To directly see the analysis results, check this Medium article.
- Installation
- Project Motivation
- Used Data
- File Descriptions
- Results
- Licensing, Authors, and Acknowledgements
The code was tested with:
- Python 3.8
- Ubuntu 20.4
- Conda 4.12
Create a conda environment:
conda create --name airbnb-data-analysis python=3.8
conda activate airbnb-data-analysis
Install Python dependencies:
pip install -r requirements.txt
In our data analysis we have used the dataset described in the Used Data section to compare different Airbnb properties across The Netherlands. We wanted to answer to the following questions:
- Which city has the highest price tag? What about their neighborhoods?
- What city and neighborhoods are in most demand?
- Are reviews for more expensive houses better?
- What are the factors that affect a property's price?

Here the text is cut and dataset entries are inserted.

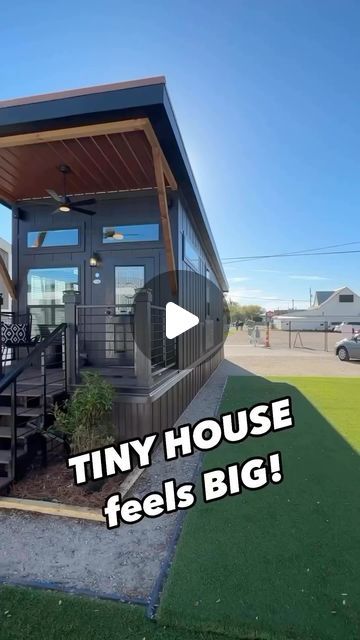 Tiny Container House, Park Model Homes, Prefab Cabins, Small Space Design, Park Models, Tiny House Cabin, Tiny House On Wheels, Tiny House Plans, Prefab Homes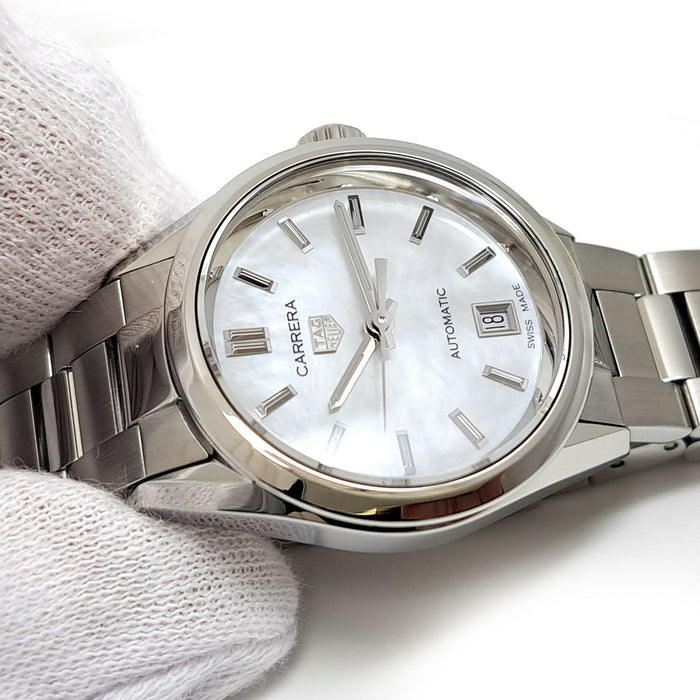 TAG HEUER Carrera Date with Box and Warranty Card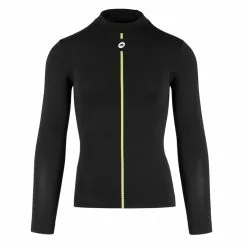 Assos Spring Fall LS Skin Layer - Cykeltrøje L/Æ - Sort - Str. 0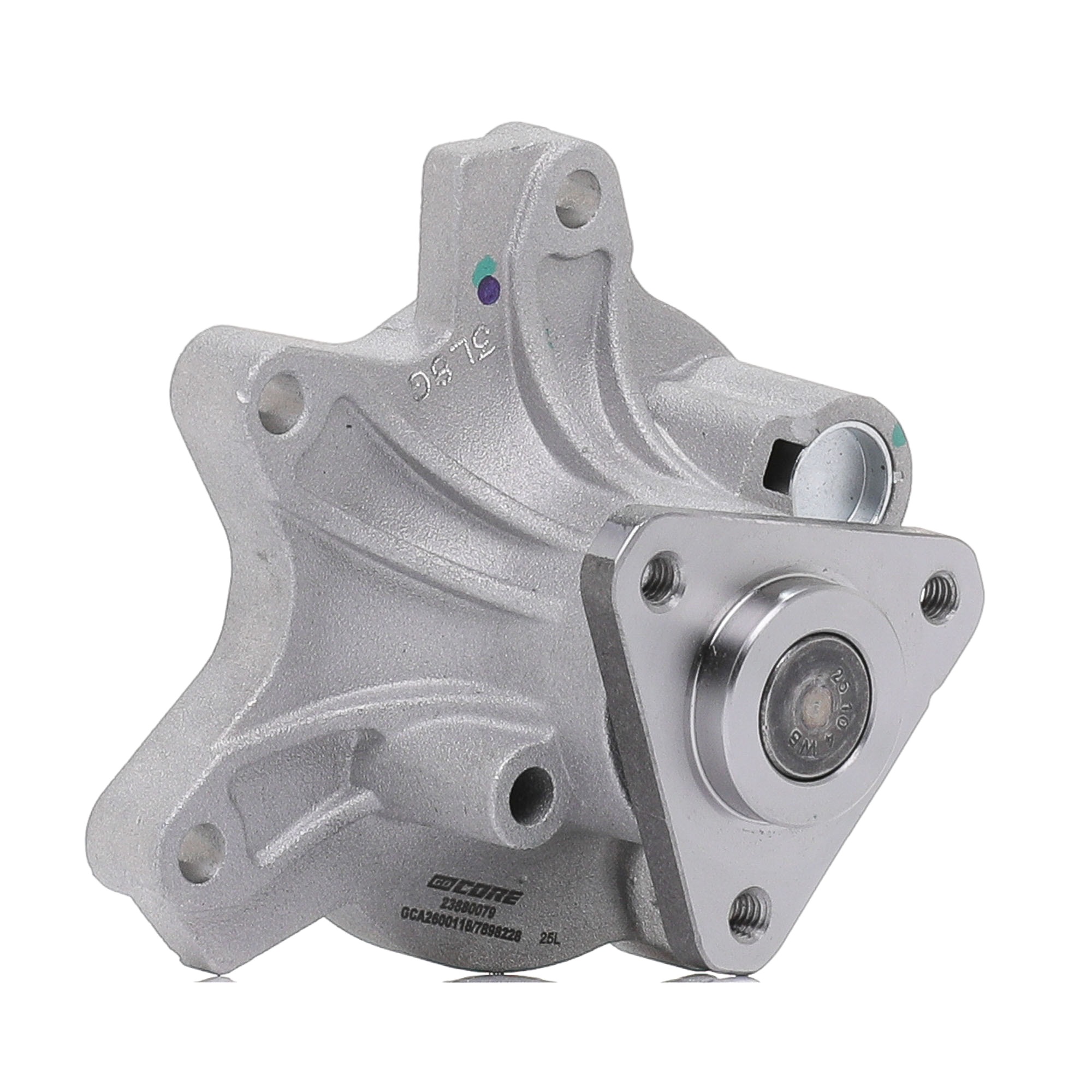 goCORE GCA2600118 Pompe à eau pour système dentrainement à courroie trapézoïdale nervures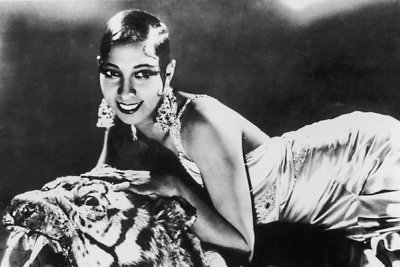 Prancūzų numylėtinė, šokėja, dainininkė, aktorė Josephine Baker, vadinta Juoduoju Perlu ir Bronzine Venera / Getty nuotrauka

We have used the public data given by Airbnb. More concrete we chose to perform our analysis on the biggest cities from The Netherlands:
- Amsterdam
- Rotterdam
- The Hague
NOTE: The code is actually generic and could be run on any other cities from Airbnb. But the scope of our analysis was to compare how Airbnb is performing in The Netherlands.
The notebooks expect the data in the following format:
data/
- Amsterdam/listings.csv
- Rotterdam/listings.csv
- The Hague/listings.csv
NOTE: As long as you follow this folder structure you can add any other city.
Our data analysis is performed into the netherlands.ipynb
file, which follows the CRISP-DM
methodology.
NOTE: We did more business & data understanding by using their data exploration system.
The results of our data analysis is presented in detail in a Medium article called This Is What You Should Know When Travelling to the Netherlands With Airbnb
Must be really grateful for Airbnb that they exposed their data to the public! You can find the Licensing for the data here. Otherwise, we are more than happy to use this code as you like!